INSTRUCTIONS TO FOLLOW: Please restate each line of the data below exactly. Omit all images.

SUPPLIED DATA:
Start of Block

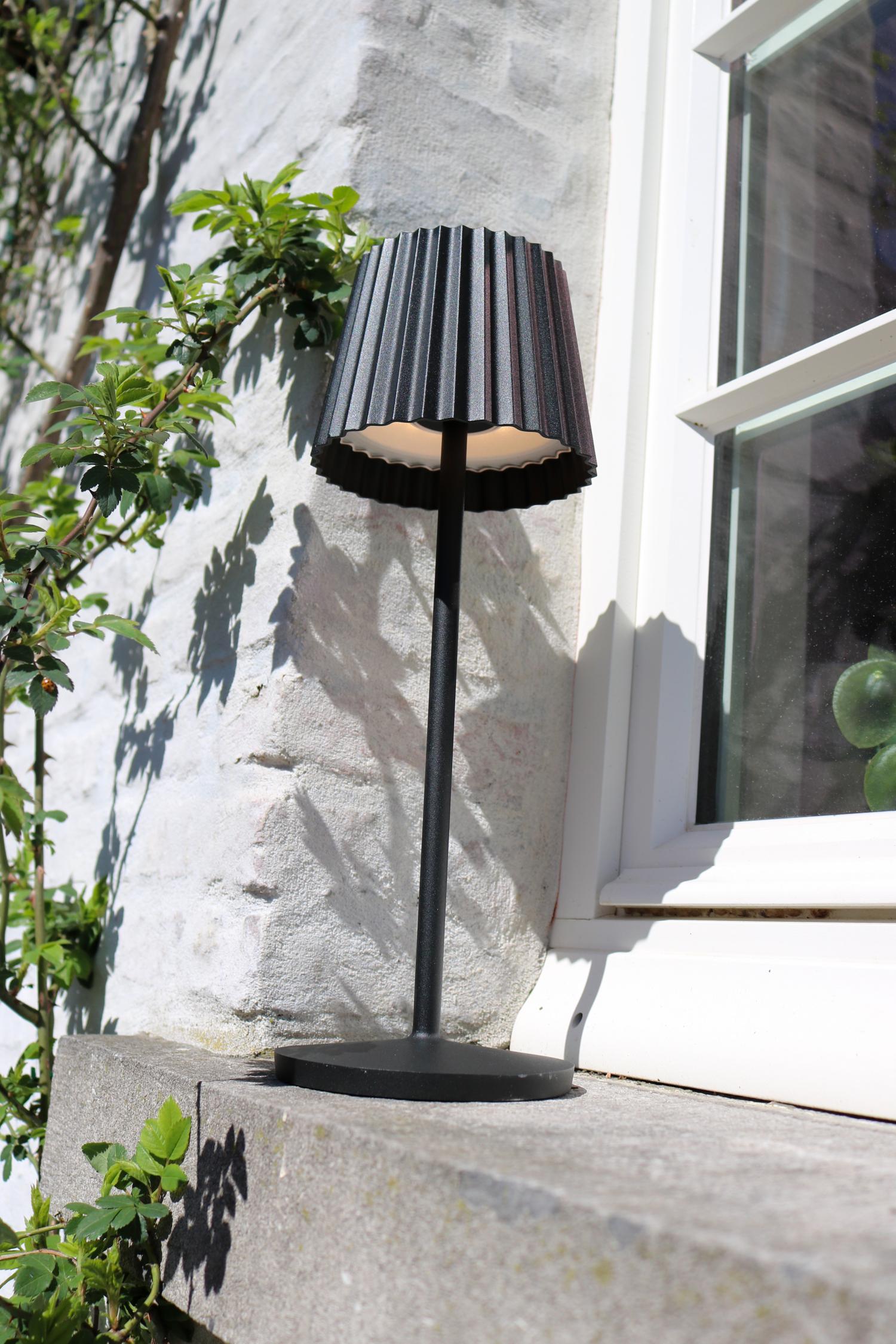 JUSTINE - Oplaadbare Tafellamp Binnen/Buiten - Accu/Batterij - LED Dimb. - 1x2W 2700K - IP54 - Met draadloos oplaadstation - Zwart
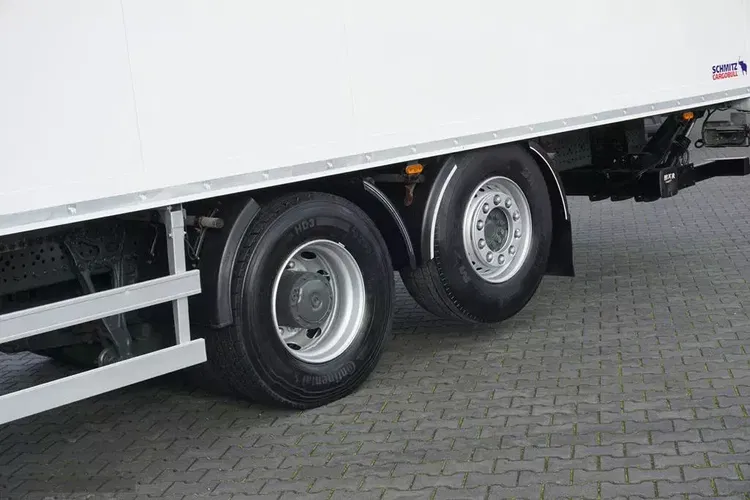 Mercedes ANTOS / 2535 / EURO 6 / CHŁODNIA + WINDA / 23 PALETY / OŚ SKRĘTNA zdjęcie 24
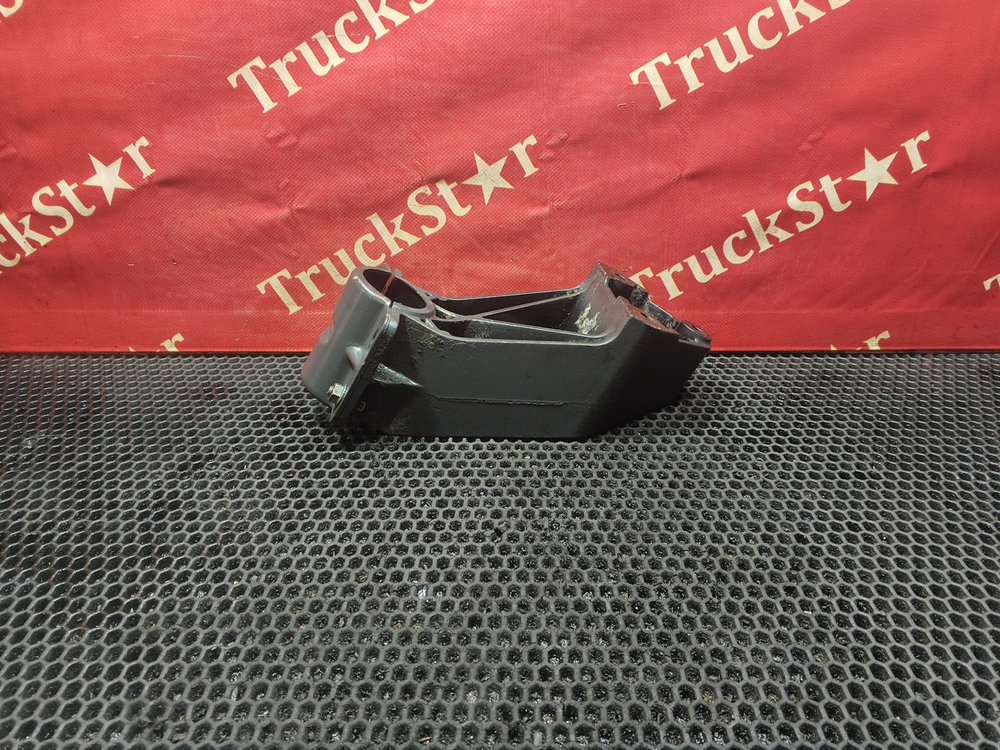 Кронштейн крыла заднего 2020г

End of Block

SOLUTION TO THE EXERCISE:
 JUSTINE - Oplaadbare Tafellamp Binnen/Buiten - Accu/Batterij - LED Dimb. - 1x2W 2700K - IP54 - Met draadloos oplaadstation - Zwart
 Mercedes ANTOS / 2535 / EURO 6 / CHŁODNIA + WINDA / 23 PALETY / OŚ SKRĘTNA zdjęcie 24
 Кронштейн крыла заднего 2020г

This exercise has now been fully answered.